What you should do — Below this line are records; write out exactly the lines from the one containing "Side angle of" through the one containing "Plus size V-neck blouse Relevance", with the pictures left out.

Exercise material —
^^^^
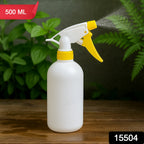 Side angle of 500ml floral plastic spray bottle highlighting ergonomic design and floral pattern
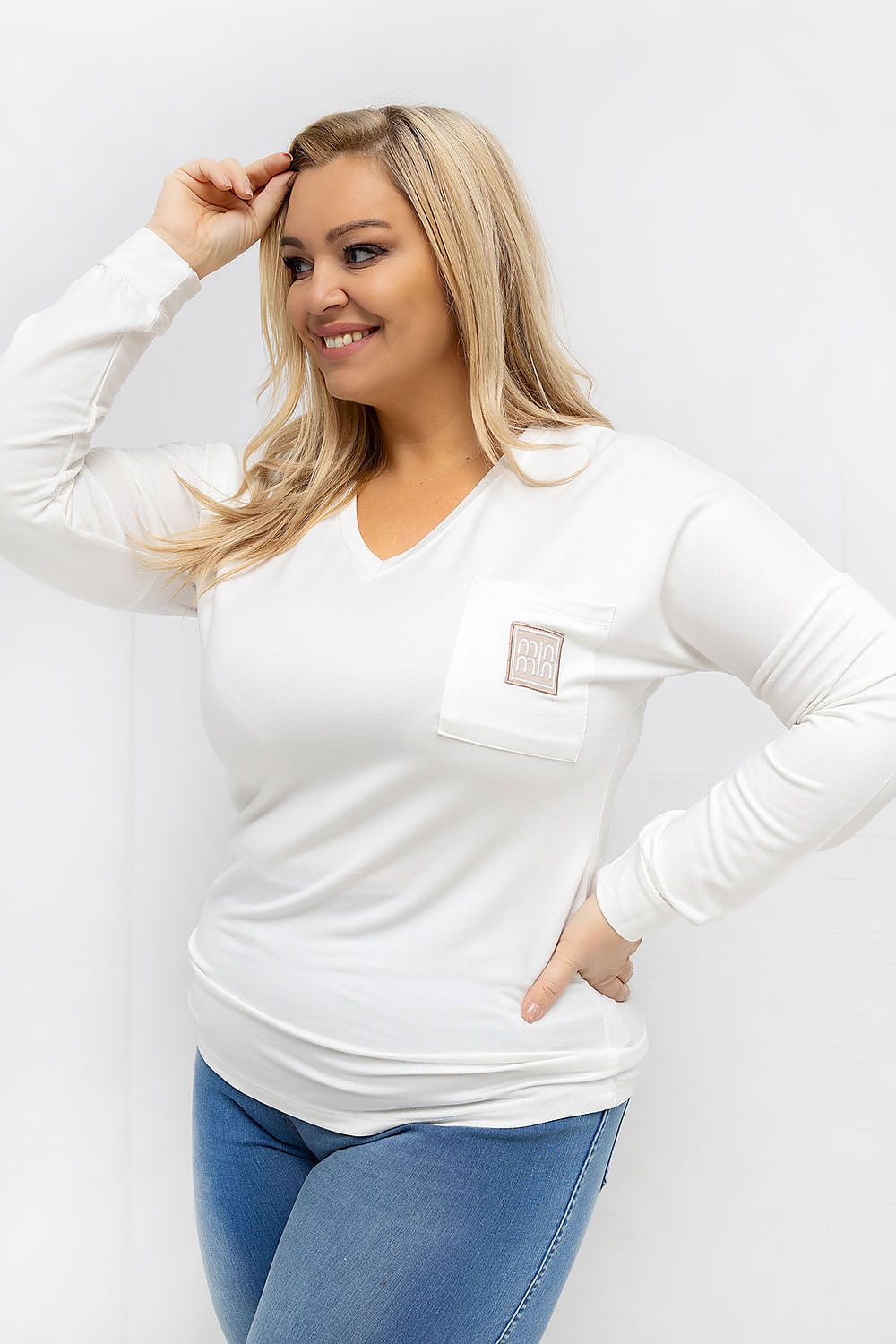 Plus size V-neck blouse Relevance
^^^^
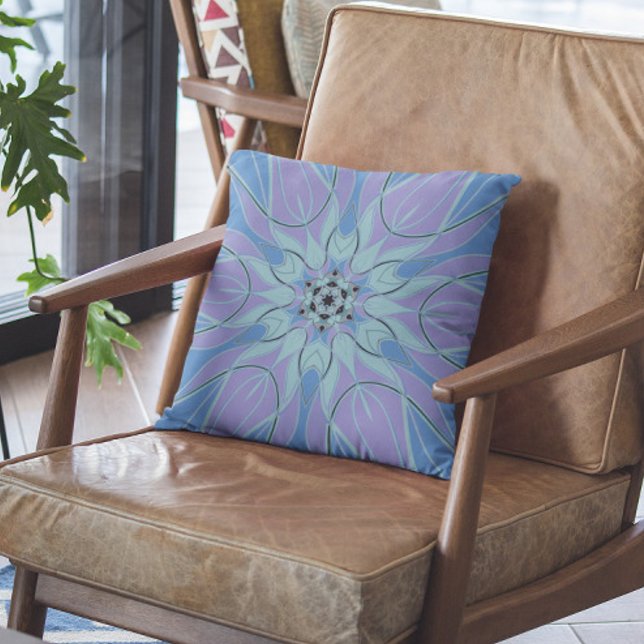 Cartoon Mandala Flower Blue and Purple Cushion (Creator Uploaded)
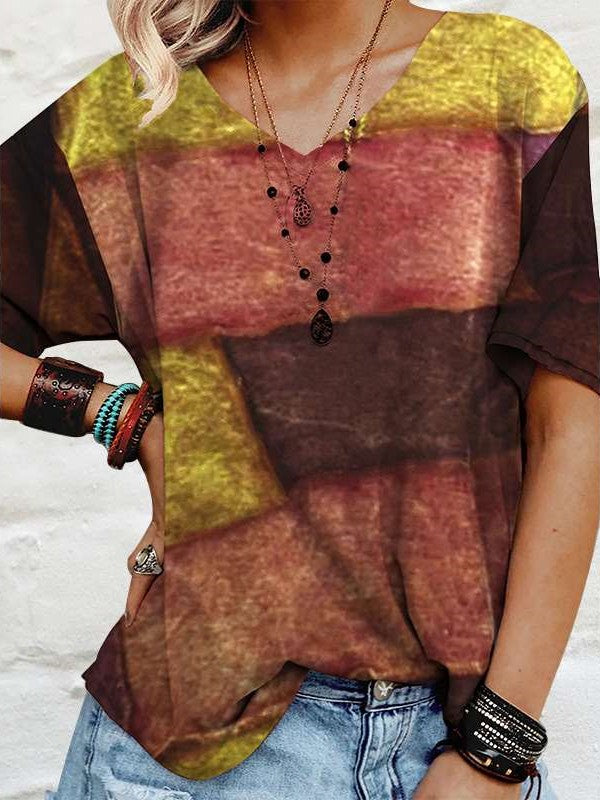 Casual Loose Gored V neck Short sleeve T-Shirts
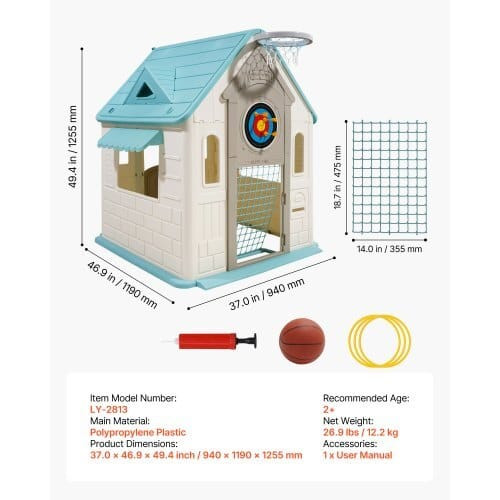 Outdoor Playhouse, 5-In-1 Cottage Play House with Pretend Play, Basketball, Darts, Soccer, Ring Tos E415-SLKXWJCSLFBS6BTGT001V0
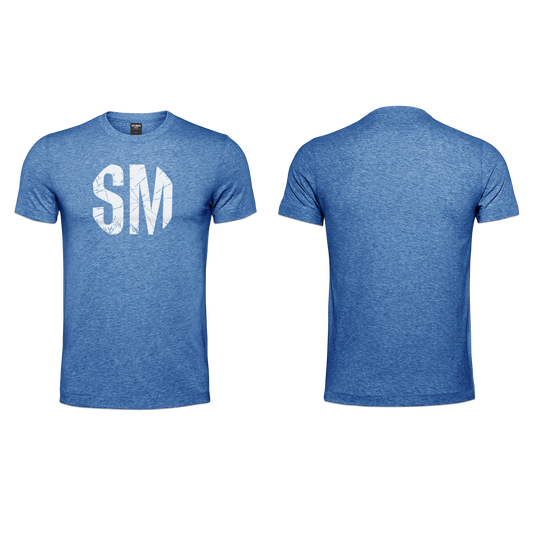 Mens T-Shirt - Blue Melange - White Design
^^^^
Answer area —
 Side angle of 500ml floral plastic spray bottle highlighting ergonomic design and floral pattern
 Plus size V-neck blouse Relevance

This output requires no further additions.